Há cada ano, aumenta a quantidade de brasileiros afrodescendentes que deixaram de comemorar o Natal e passaram a celebrar a Kwanzaa, o chamado Natal negro.
Criada nos EUA no final dos anos 60, a Kwanzaa tem ganhado popularidade em todo mundo na medida em que gente preta entende o quanto é saudável alguma distância das tradições eurocêntricas, espécie de mau colesterol que entope veias e impede a oxigenação do cérebro.
Não é coincidência que ela tenha início no dia 26 de dezembro, assim que terminam as comemorações natalinas, mais uma homenagem a um deus-mercado, com direito a banquetes que de fato são ricos em gordura e mau colesterol, do que ao nascimento de um profeta que morreu crucificado 2 mil anos atrás.
A celebração do Kwanzaa é simples. Reunir a família em torno de um candelabro de sete velas, para longas, leves e contemplativa conversas sobre temas determinados. Parecido com os papos com os tios do pavê e do Whatsapp no Natal? Não. Durante a Kwanzaa, o banquete não é de comida. Mas de escuta e palavras. E são sete dias de bate papo. Se, no Natal ocidental, é insuportável conversar com a família reunida por um dia (por conta choque de gerações e rancores afetivos e políticos), como pode ser uma boa ideia fazer o mesmo por uma semana seguida?
Talvez os temas que a Kwanzaa propõe para cada um dos sete dias. São eles: União; responsabilidade com o próprio futuro; trabalho coletivo na comunidade; economia cooperativa; propósito de expandir a cultura africana; criatividade para tornar a comunidade mais bonita e bem-sucedida; fé ao honrar ancestrais e tradições de líderes africanos.
Na Kwanzaa, o exercício da fé se dá sobre ancestrais e grandes líderes. O centro é a comunidade e sua expansão. No último dia da Kwanzaa, as crianças recebem seus brinquedos de seus pais, os heróis mitológicos de suas vidas.
Nas conversas entre família durante a Kwanzaa, há o incentivo para que tudo seja visto de forma não-binária. Dificilmente há, portanto, a defesa de verdades absolutas.
Aí vem a pergunta. Qual foi a última discussão, debate, conversa, onde não houve, de nenhuma parte a defesa de verdades absolutas?
A resposta diz o quanto você ainda está colonizado e, por isso, sofrendo de ansiedades, depressões, distúrbios alimentares, problemas cardiovasculares, dores no corpo, tudo o que te obriga, 24 horas por dia, 365 dias por ano, a adotar uma postura calcificada com o mundo.

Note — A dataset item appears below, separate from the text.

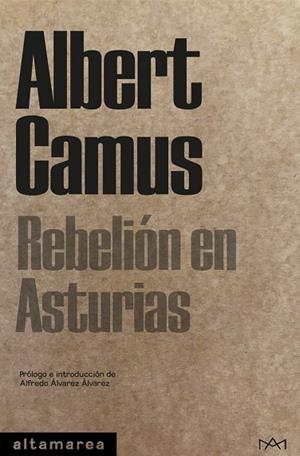 REBELIÓN EN ASTURIAS | 9788418481345 | CAMUS, ALBERT | Llibreria Drac - Llibreria d'Olot | Comprar llibres en català i castellà online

Colonizado e endurecido, você, acredite, está longe, muito longe, de seu Deus, seja qual for sua religião.
A Kwanzaa propõe o contrário. O encontro com o divino através do entendimento de que não há, por exemplo, um bem absoluto e imaculado, como ensina a religião ocidental, apostólico romano, que inspirou o Natal que comemoramos.
Por não haver fundamentos religiosos na Kwanzaa, quem a celebra têm mais sucesso de tocar o divino.
Mas a palavra do século, repito aqui sempre posso, é descolonização. Ela é que dará conta da nossa volta a tempos mais saudáveis. Tudo está apenas começando a voltar a seu lugar.
O nome Kwanzaa, significa, em swahili, "primeiros frutos".
Que então, nos próximos sete dias, escorram sobre nós todos seus sucos.